When it comes to working in data analytics—whether that’s as a data analyst or in a role that involves data in another capacity—there is a long process involved, long before the actual analysis phase begins. In fact, up to two-thirds of the time taken in the data analytics process is spent cleaning what’s known as “dirty” data: data that needs to be edited, worked on, or otherwise manipulated before it’s suitable for analysis.
During the cleaning phase, a data analyst may find outliers in the “dirty” data, which leads to either removing them from the dataset entirely, or handling them in another way. And so begs the question: what is an outlier? We’ll cover all of that, and more, in this article. To skip ahead, just use the clickable menu:
- What is an outlier?
- How do outliers end up in datasets?
- How can you identify outliers?
- When should you remove outliers?
- Wrap-up and next steps
With that, let’s begin.
1. What is an outlier?
In data analytics, outliers are values within a dataset that vary greatly from the others—they’re either much larger, or significantly smaller. Outliers may indicate variabilities in a measurement, experimental errors, or a novelty. In a real-world example, the average height of a giraffe is about 16 feet tall. However, there have been recent discoveries of two giraffes that stand at 9 feet and 8.5 feet, respectively. These two giraffes would be considered outliers in comparison to the general giraffe population.
When going through the process of data analysis, outliers can cause anomalies in the results obtained. This means that they require some special attention and, in some cases, will need to be removed in order to analyze data effectively.

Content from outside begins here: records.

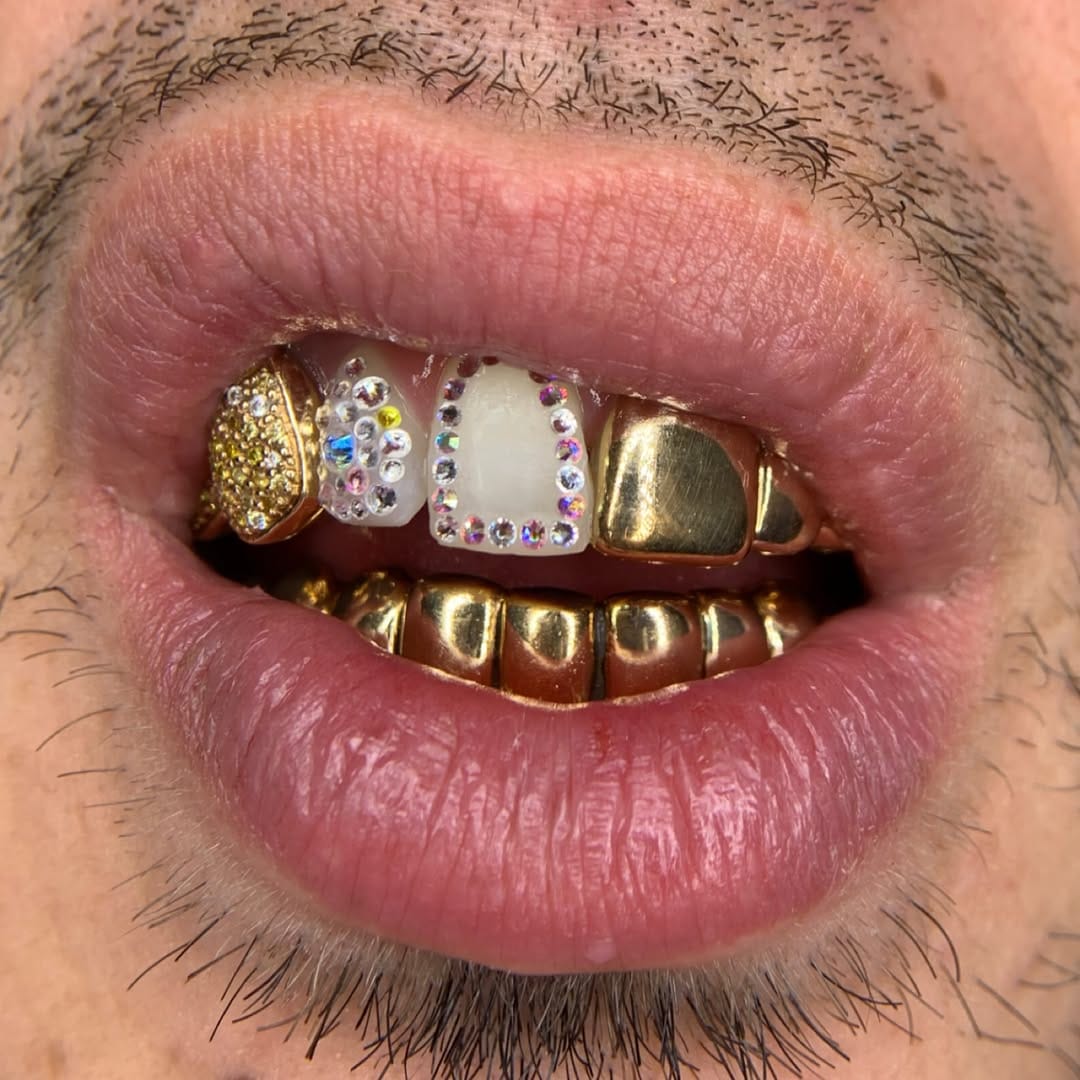 Post 2 by Toothgems Barcelona / Gemas Dentales on Instagram (image)
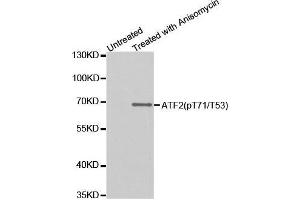 Western blot analysis of extracts from HUVEC cells untreated or treated with Anisomycin, using Phospho-ATF2-T53 antibody.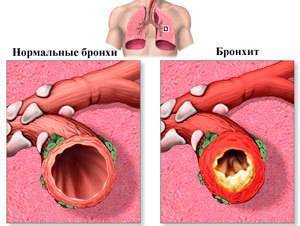 Причины появления крови в мокроте при бронхите, диагностика и методы лечения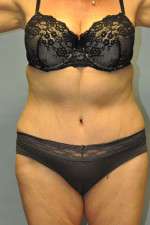 Abdominoplasty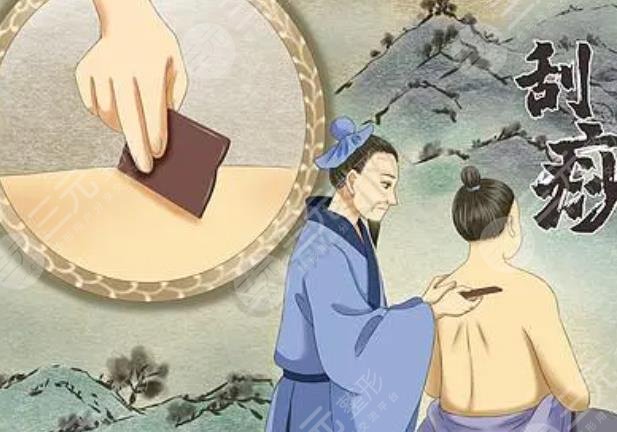 刮痧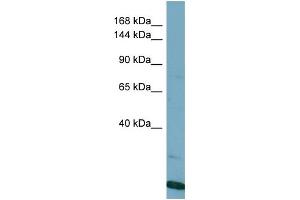 Host:  Rabbit  Target Name:  VPS8  Sample Type:  HT1080 Whole Cell lysates  Antibody Dilution:  1. (VPS8 anticorps  (N-Term))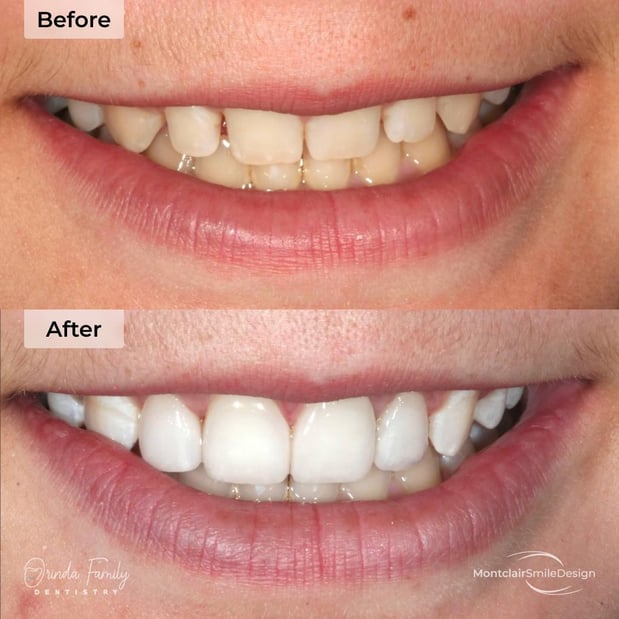 Images Orinda Family Dentistry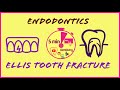 Ellis and Devi Tooth Fracture Classification
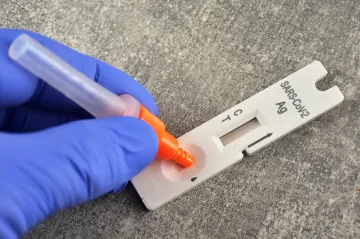 Nakažených covidem-19 v Česku mírně přibylo, počet hospitalizovaných ale klesá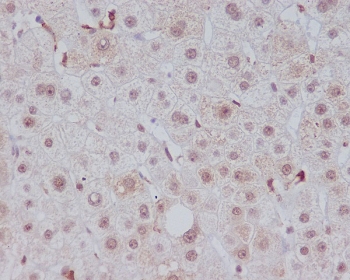 IHC staining of FFPE human liver tissue with Heme Oxygenase 1 antibody. HIER: boil tissue sections in pH6, 10mM citrate buffer, for 10-20 min and allow to cool before testing.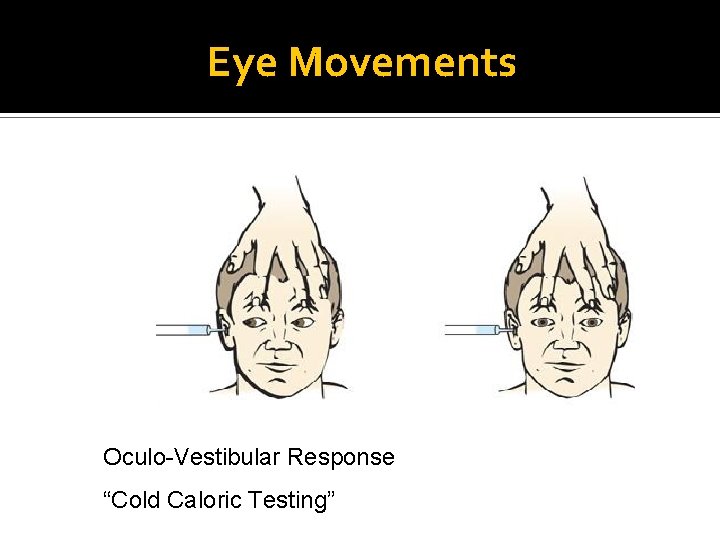 Eye Movements Oculo-Vestibular Response “Cold Caloric Testing” 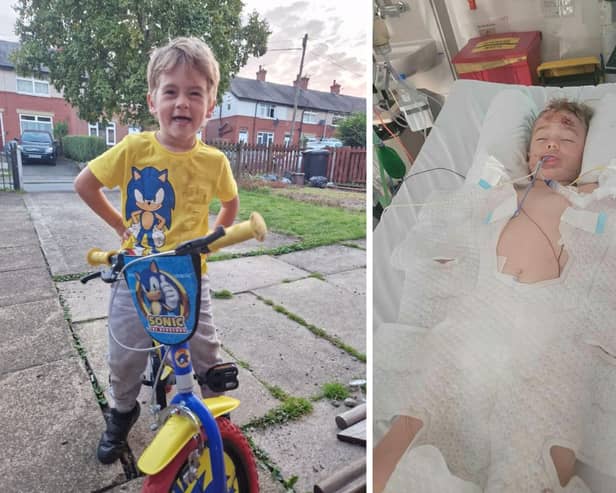 Marli Barnes was in a coma for nine days after a horrific bike crash - his mum is urging parents to make sure their children wear helmets 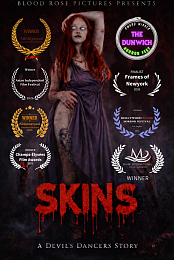 Skins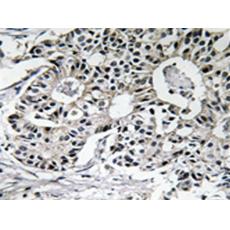 兔抗PXMP2多克隆抗體 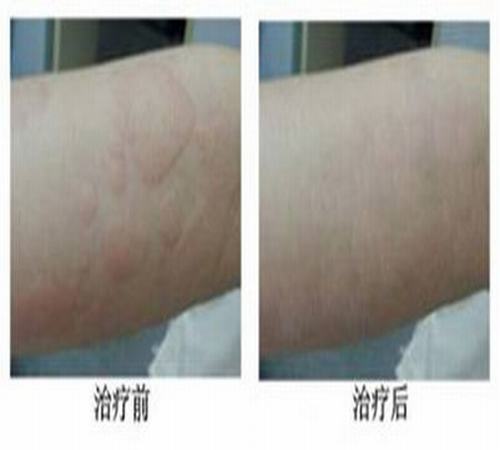 大米也会引发荨麻疹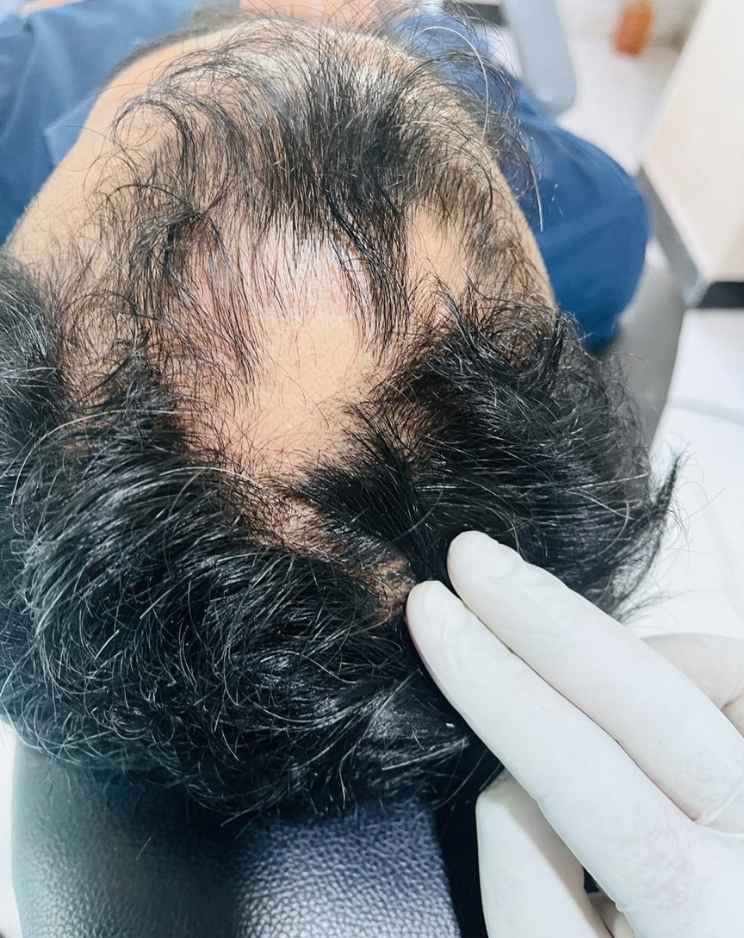 Choose RenéePrime Clinic images Hairline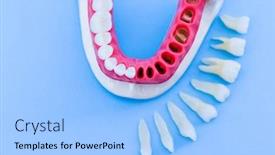  Presentation with implant - Beautiful PPT theme featuring teeth-implant-and-crown-installation backdrop and a light blue colored foreground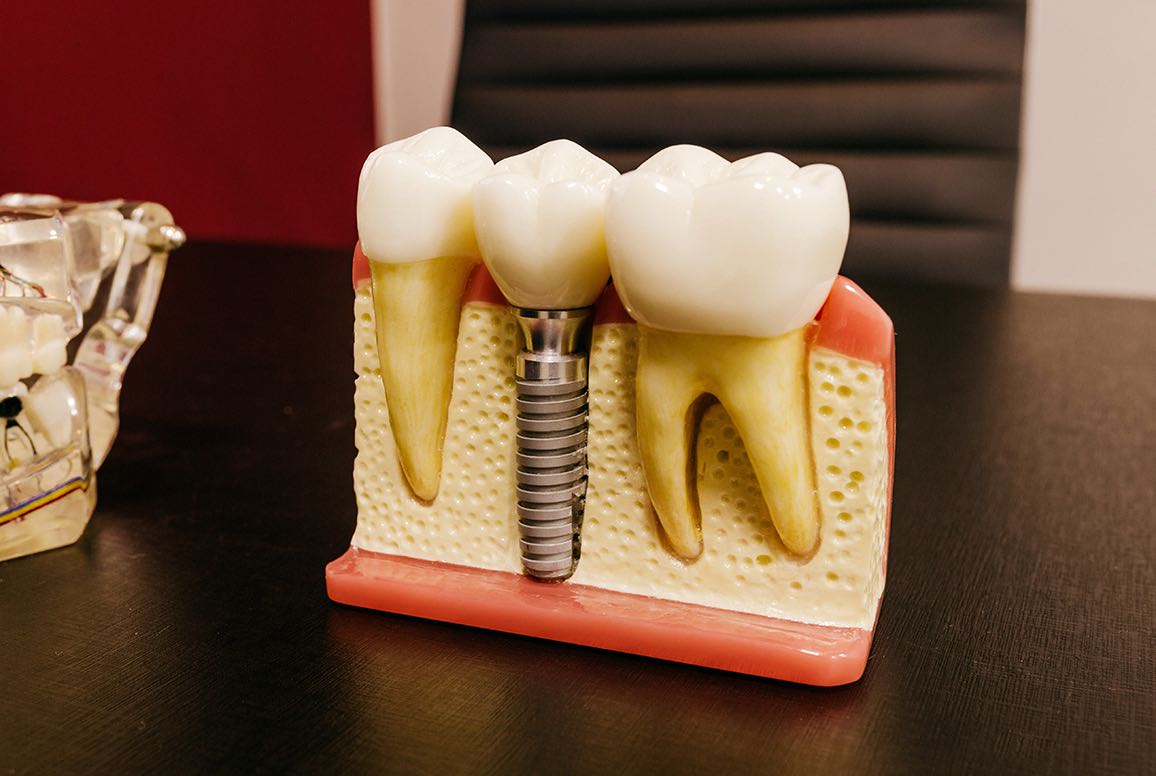 Dental Implants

There are two main reasons why giving outliers special attention is a necessary aspect of the data analytics process:
- Outliers may have a negative effect on the result of an analysis
- Outliers—or their behavior—may be the information that a data analyst requires from the analysis
Types of outliers
There are two kinds of outliers:
- A univariate outlier is an extreme value that relates to just one variable. For example, Sultan Kösen is currently the tallest man alive, with a height of 8ft, 2.8 inches (251cm). This case would be considered a univariate outlier as it’s an extreme case of just one factor: height.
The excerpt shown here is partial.